Return the stretch from the line with "Noose in prison" through the line with "مسجل ويه السكليتر" in the data below, character for character, skipping all pictures.

_GIVEN RECORDS:_
%%
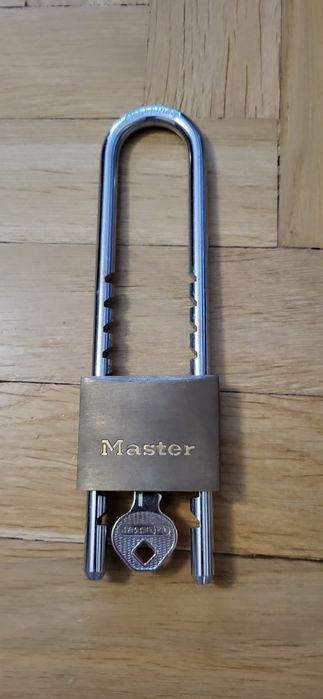 kłódki stanley i  master szyfr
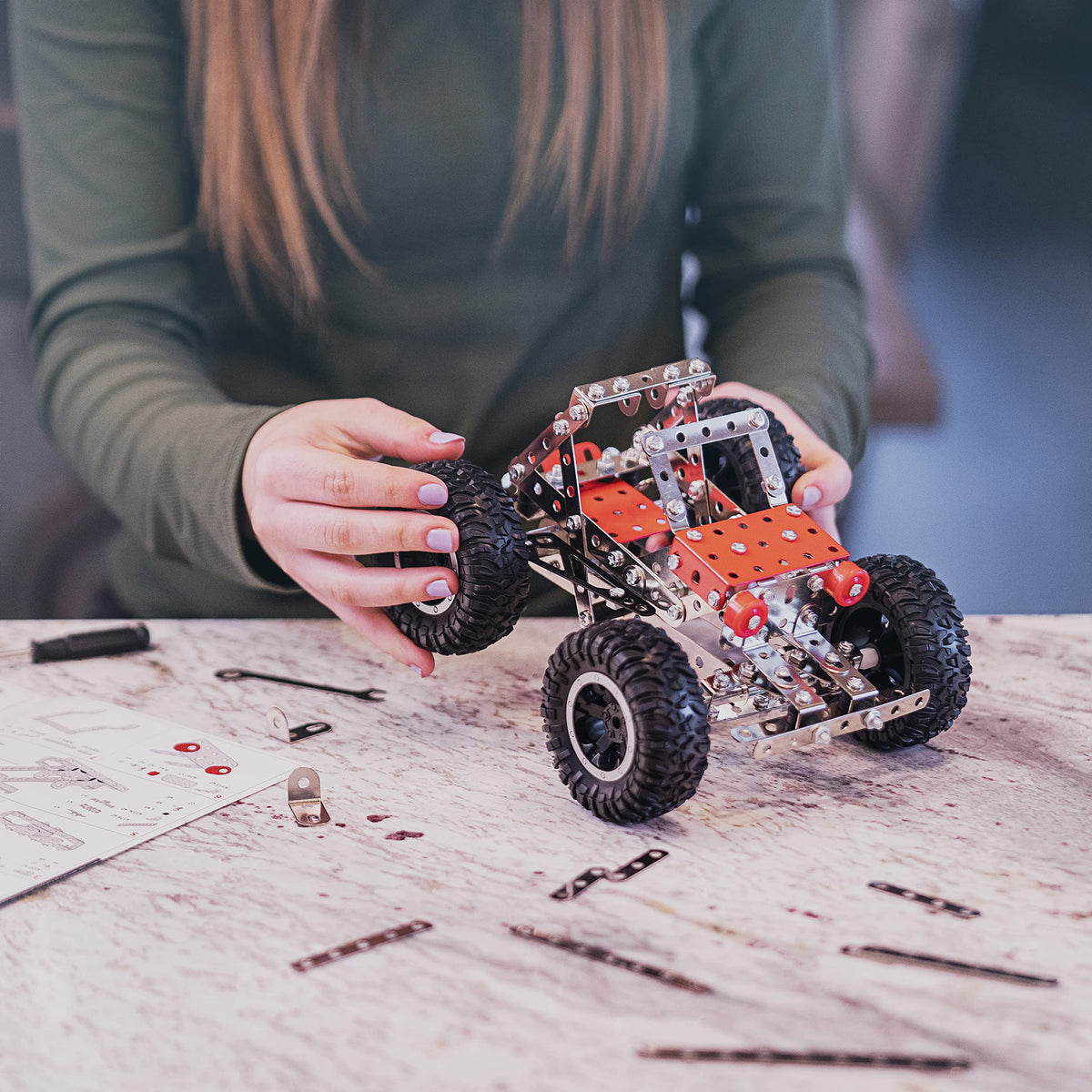 Maluvrian Erector Set adult builder: challenging yet rewarding DIY engineering project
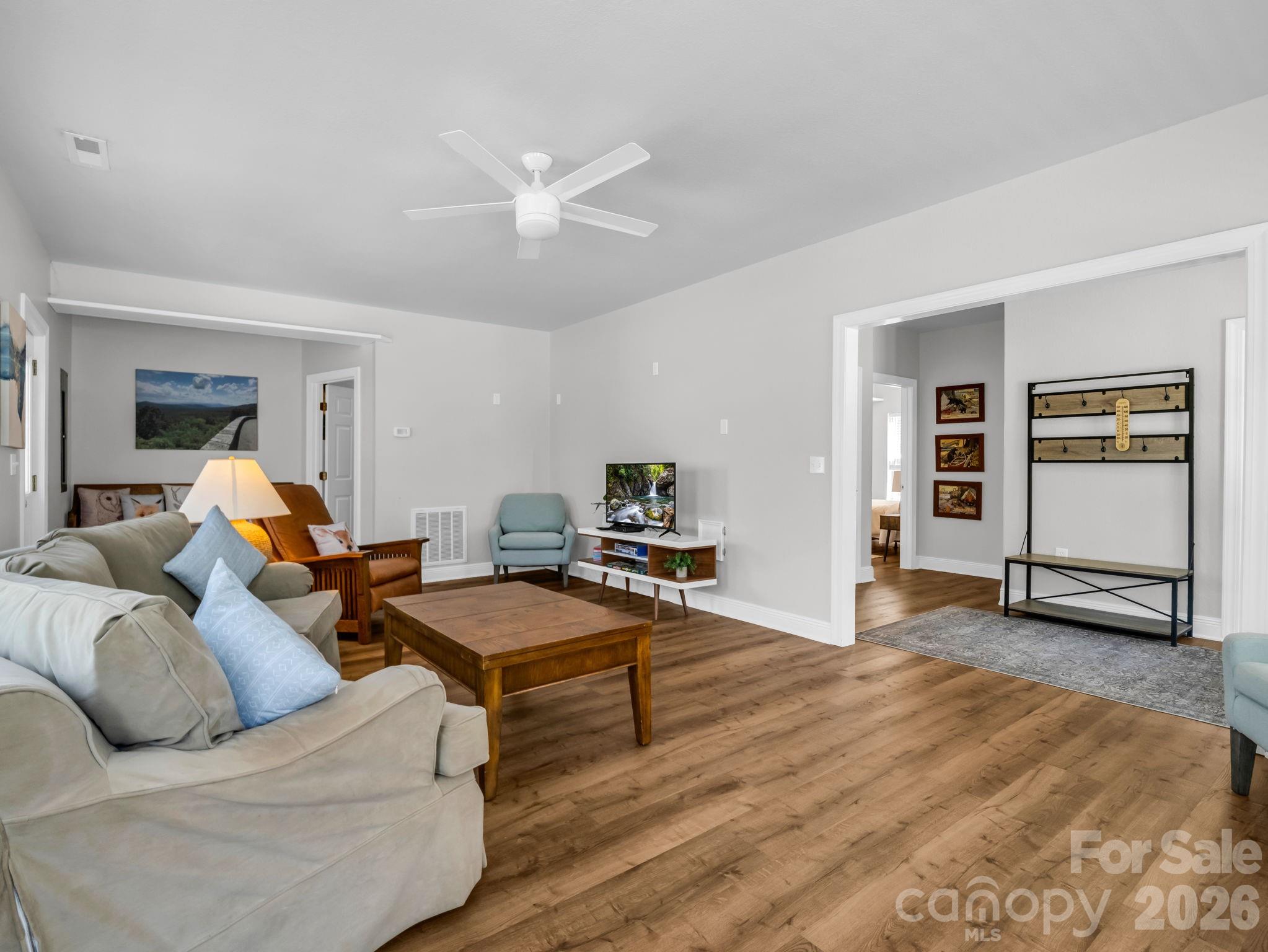121 Fern Loop Property Photo 16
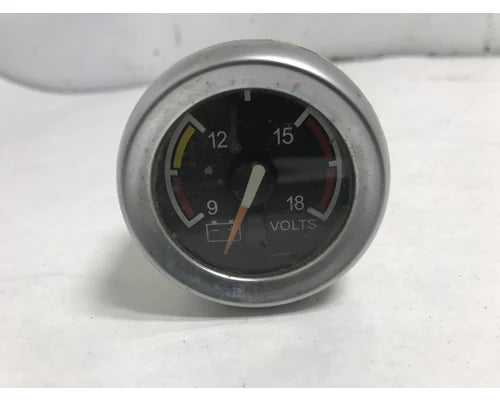 Peterbilt Q43-6013-013E voltmeter gauge from 2007 Peterbilt 387, used
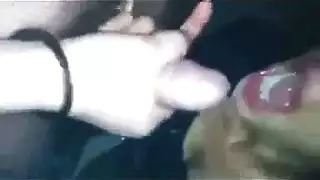 شقراء وقحة تمط فتحتها بواسطة دسار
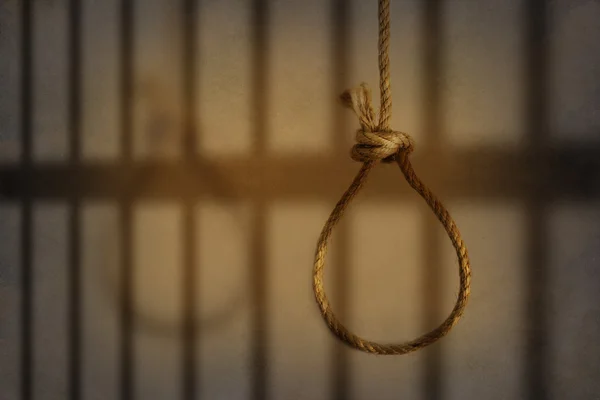 Noose in prison and wall grunge grain texture — Stock Photo, Image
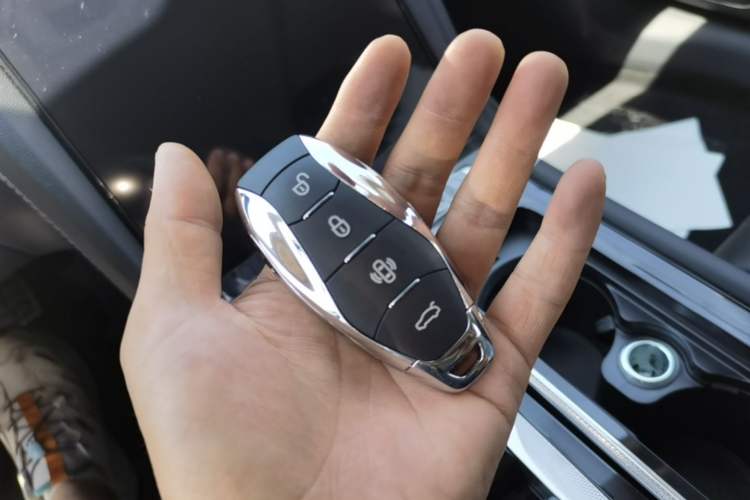 Used Hongqi H5 2025 2.0T Automatic Flag Edition – 500 000 Units Commemorative Version Vehicle Key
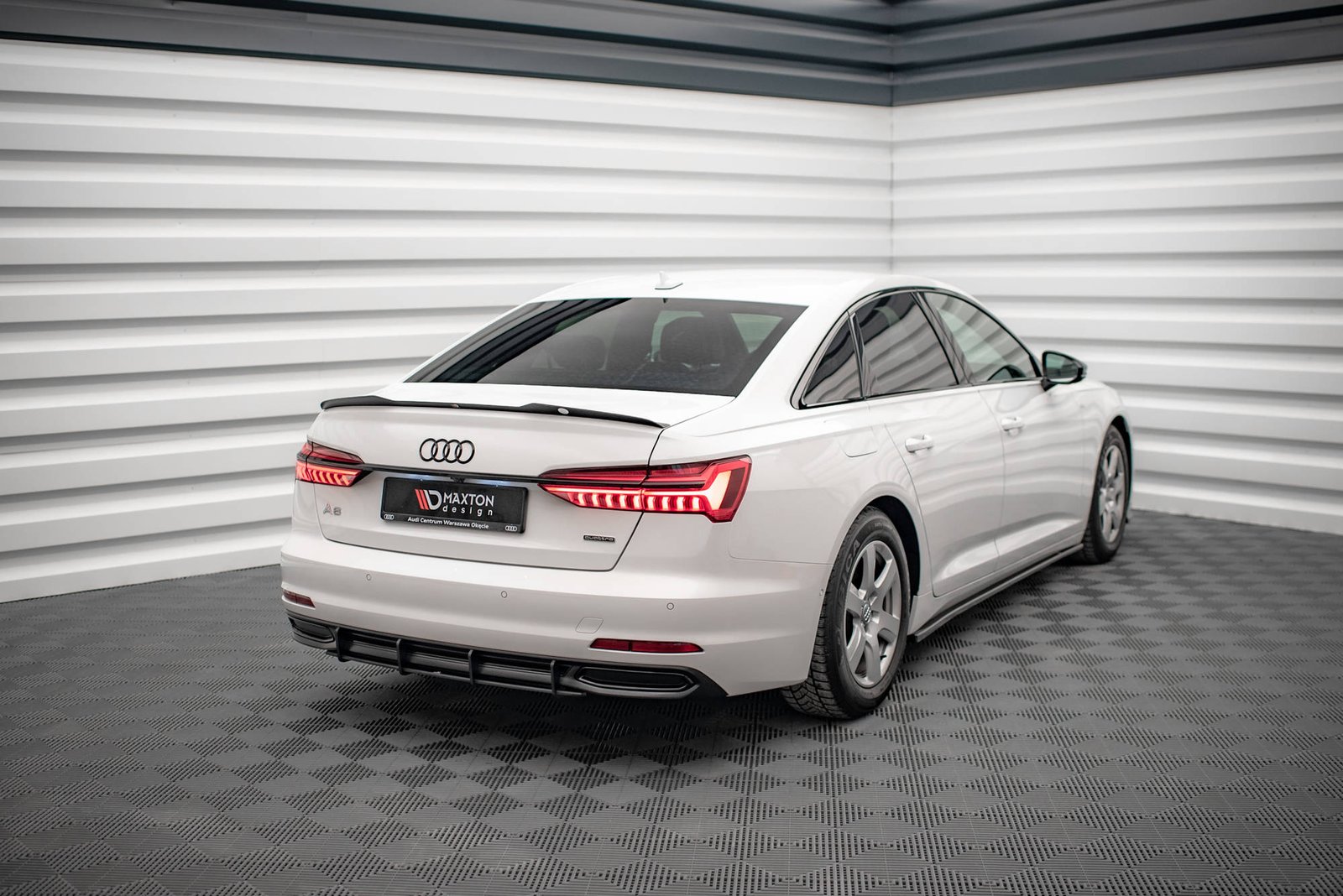 Street Pro Rear Diffuser Audi A6 C8 - Imagen 2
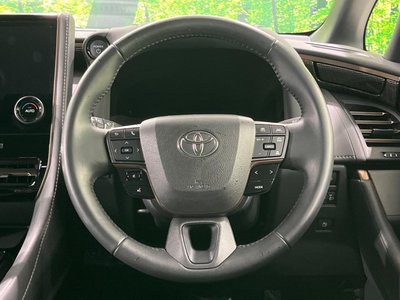 2025 Toyota ALPHARD — фото 12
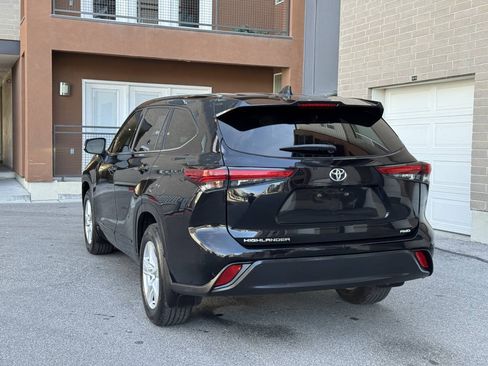 Used 2020 Toyota Highlander L AWD/4WD image 3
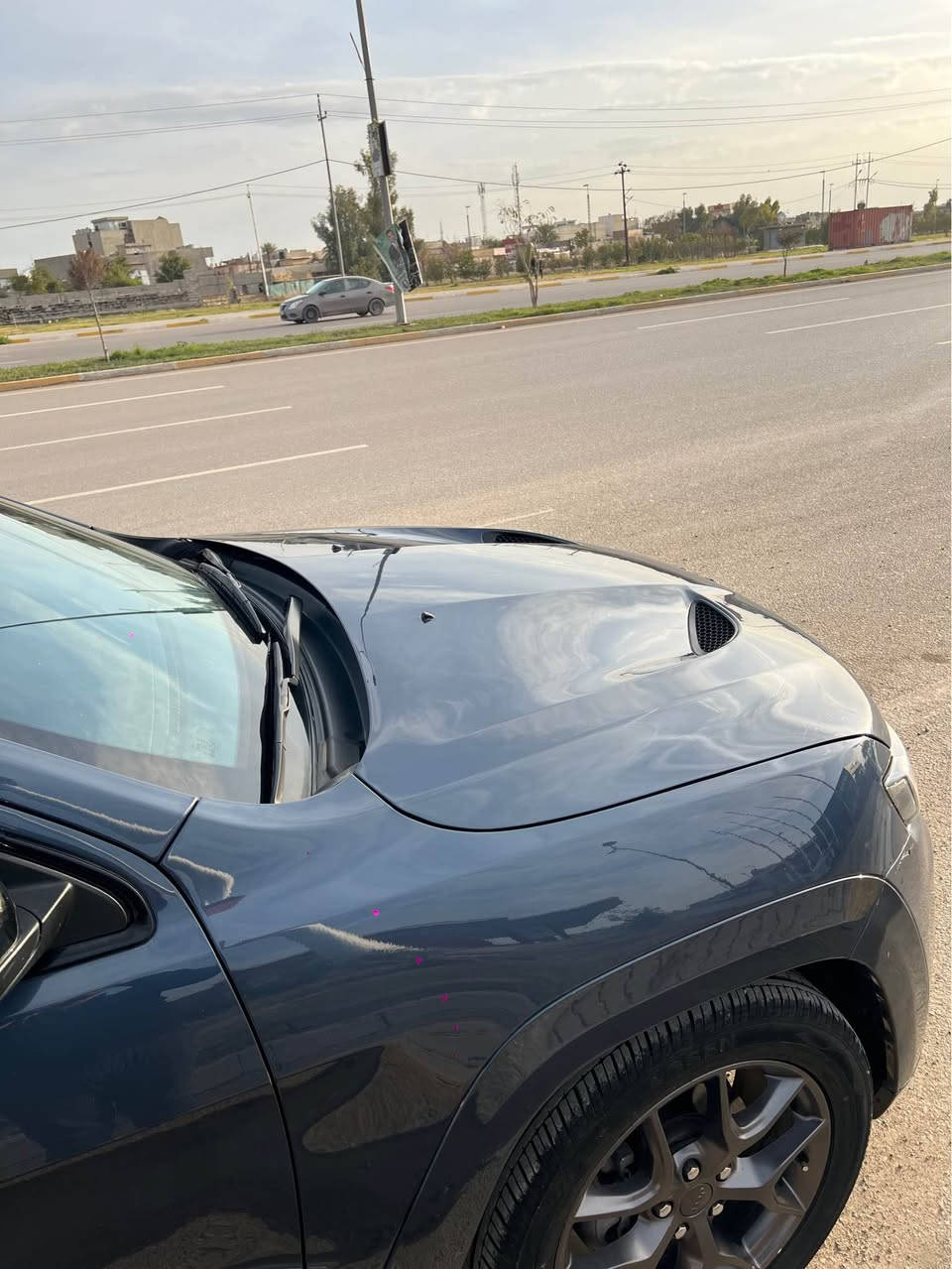 السلام وعليكم  (للبيع او مراوس حسب القناعه)
جيب موديل ٢٠٢٠ مواصفات (لمتيد اكس)
لون بحري مميز  حادثها كلش خفيف فقط بونيد مصبوغ نفسه البلادي
مواصفاتها 
اوتو استوب 
نضام ايكو اقتصاد 
فور ويل
رادارات محيطيه
كشنات هيتر زاد خزن 
سكان هيتر 
مسجل ويه السكليتر 
بانوراما 
صندوق كهرباء
السياره جديدة والف دينار مصرف مابيها
تخم تاير وباتري الاصلي جديد
رقم والسنويه وهزه جديده 
مكاني كركوك *********** كركوك, العراق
%%
_SOLUTION BELOW:_
 Noose in prison and wall grunge grain texture — Stock Photo, Image
 Used Hongqi H5 2025 2.0T Automatic Flag Edition – 500 000 Units Commemorative Version Vehicle Key
 Street Pro Rear Diffuser Audi A6 C8 - Imagen 2
 2025 Toyota ALPHARD — фото 12
 Used 2020 Toyota Highlander L AWD/4WD image 3
 السلام وعليكم  (للبيع او مراوس حسب القناعه)
جيب موديل ٢٠٢٠ مواصفات (لمتيد اكس)
لون بحري مميز  حادثها كلش خفيف فقط بونيد مصبوغ نفسه البلادي
مواصفاتها 
اوتو استوب 
نضام ايكو اقتصاد 
فور ويل
رادارات محيطيه
كشنات هيتر زاد خزن 
سكان هيتر 
مسجل ويه السكليتر 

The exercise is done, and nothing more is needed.